China’s banking sector, the world’s largest by assets, has five institutions out of 30 around the world designated as globally systemically important by the Financial Stability Board, an international regulatory body based in Basel.

The banks need total loss-absorbing capacity equivalent to 16 per cent of risk-weighted assets by the start of 2025, according to FSB requirements. TLAC bonds are distinct from capital instruments such as additional tier 1 debt that are similarly designed to take losses.

Fitch Ratings estimated last month that TLAC and other capital requirements for the five banks in China could amount to Rmb1.6bn by the start of 2025, but the total amount banks need to issue could be reduced if the Chinese regulator allows deposit insurance funds to count towards the total.

Vivian Xue, a director in the financial institutions group at Fitch Ratings in Shanghai, said China’s pilot issuance of TLAC was likely to have been delayed by Covid-19 disruptions as well as “market conditions”.

She added that since 2017 most bank capital issuance from China had been within the mainland rather than internationally.

China’s financial system during the pandemic became more closed off from the rest of the world, with cross-border activity declining sharply as relations with the US deteriorated.
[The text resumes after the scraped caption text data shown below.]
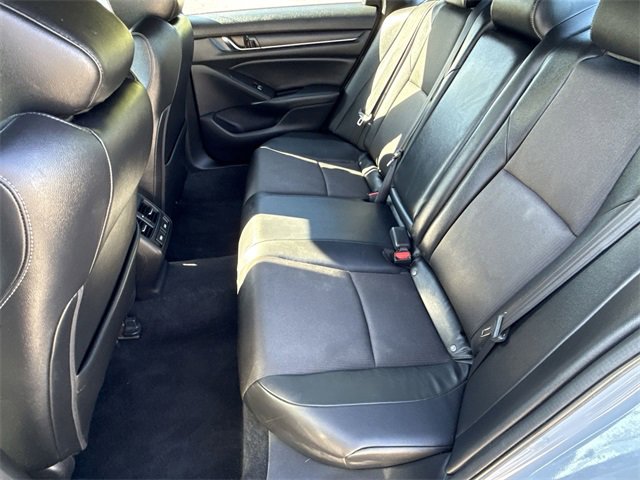 Used 2022 Honda Accord Sport image 23
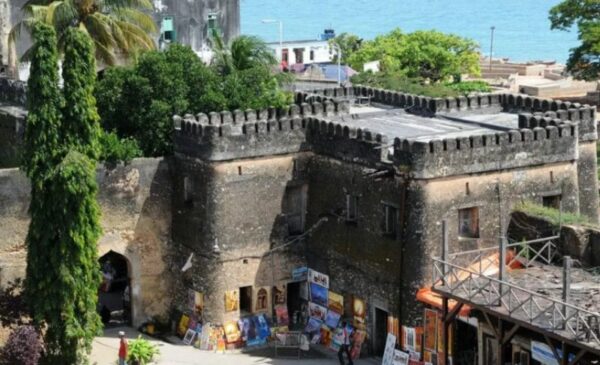A 7-night Stay for 2 in Zanzibar (5-star) - Image 11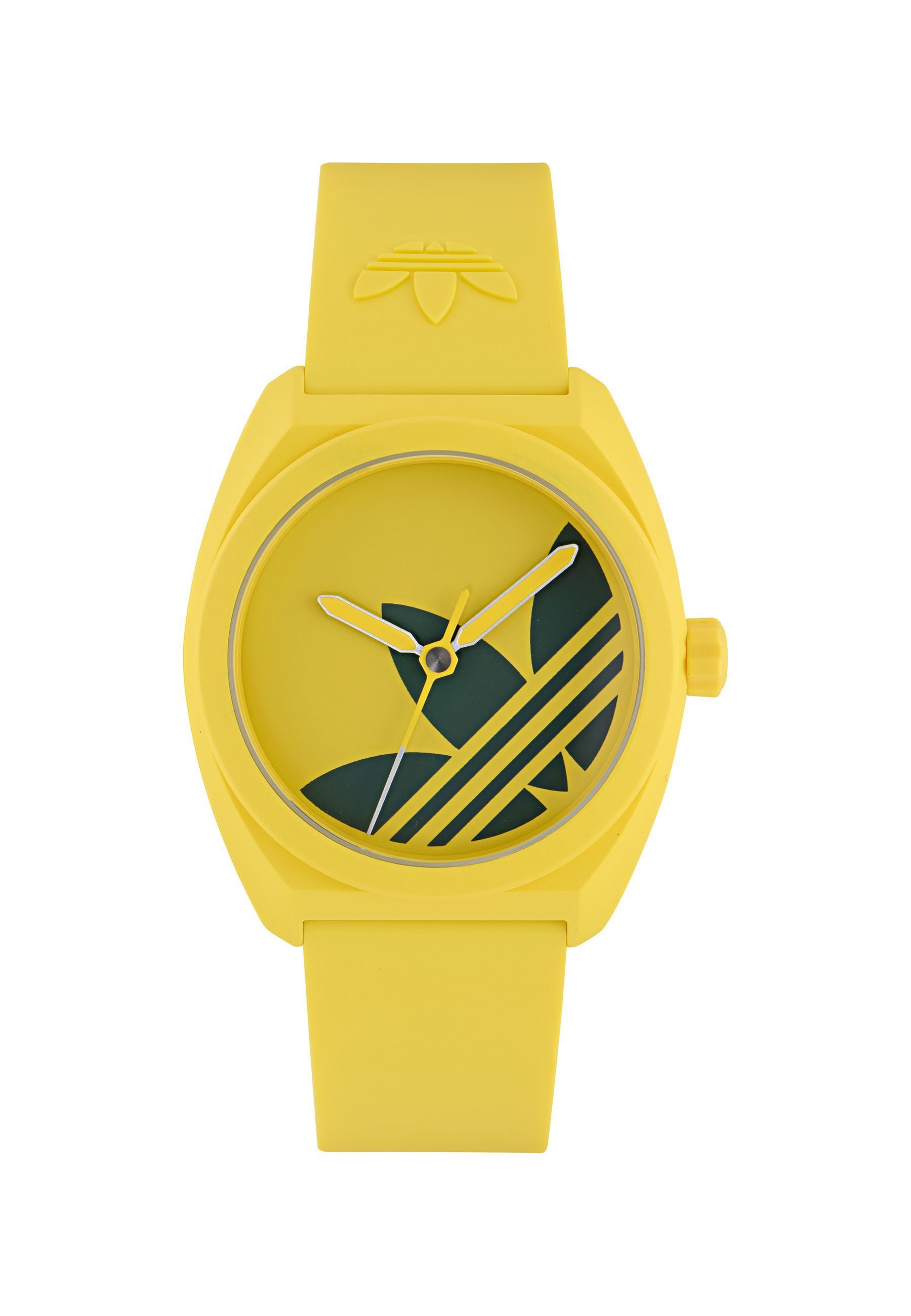 adidas Originals Quarzuhr PROJECT THREE, (1-tlg., Not a set – not applicable to this product), Quartz Analog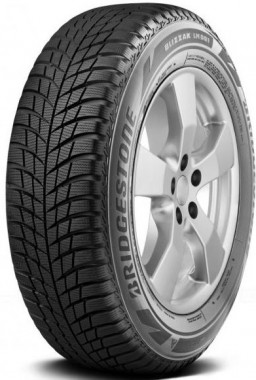 Шина Bridgestone Blizzak LM001 225/60 R18 104H Runflat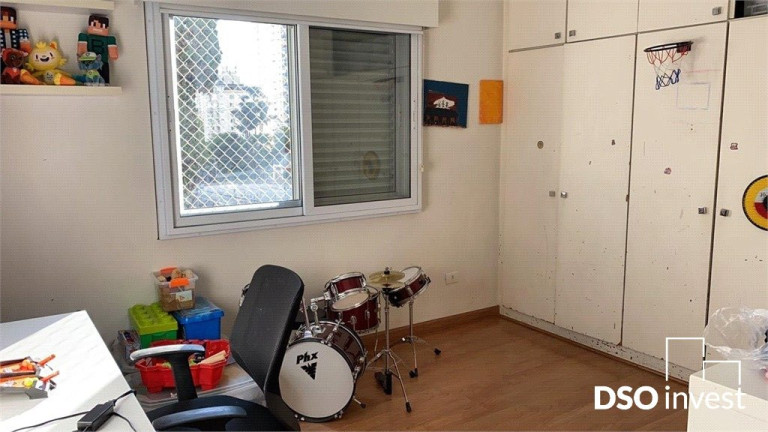Imagem Apartamento com 4 Quartos à Venda, 170 m² em Campo Belo - São Paulo Imagem Apartamento com 4 Quartos à Venda, 170 m² em Campo Belo - São Paulo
A prolonged property slowdown has also raised concerns about the wider Chinese economy.

International banks have struggled to remain active in the mainland, where domestic securities houses and brokerages dominate financial markets.

Out of the 18 underwriters on Bank of China’s bond, none are international financial institutions, according to a bond offering circular. ICBC’s offering also lists no international groups.

China’s five biggest banks all posted profits in their quarterly results last month, as well as flat non-performing loan ratios, though their margins showed signs of pressure.

In Europe, losses on AT1 bonds during the failure of Credit Suisse last year led to scrutiny of the regulatory regime and its implications for fixed-income investors.

The bank was removed from the FSB’s list of global systemically important financial institutions. China’s Bank of Communications was added in November.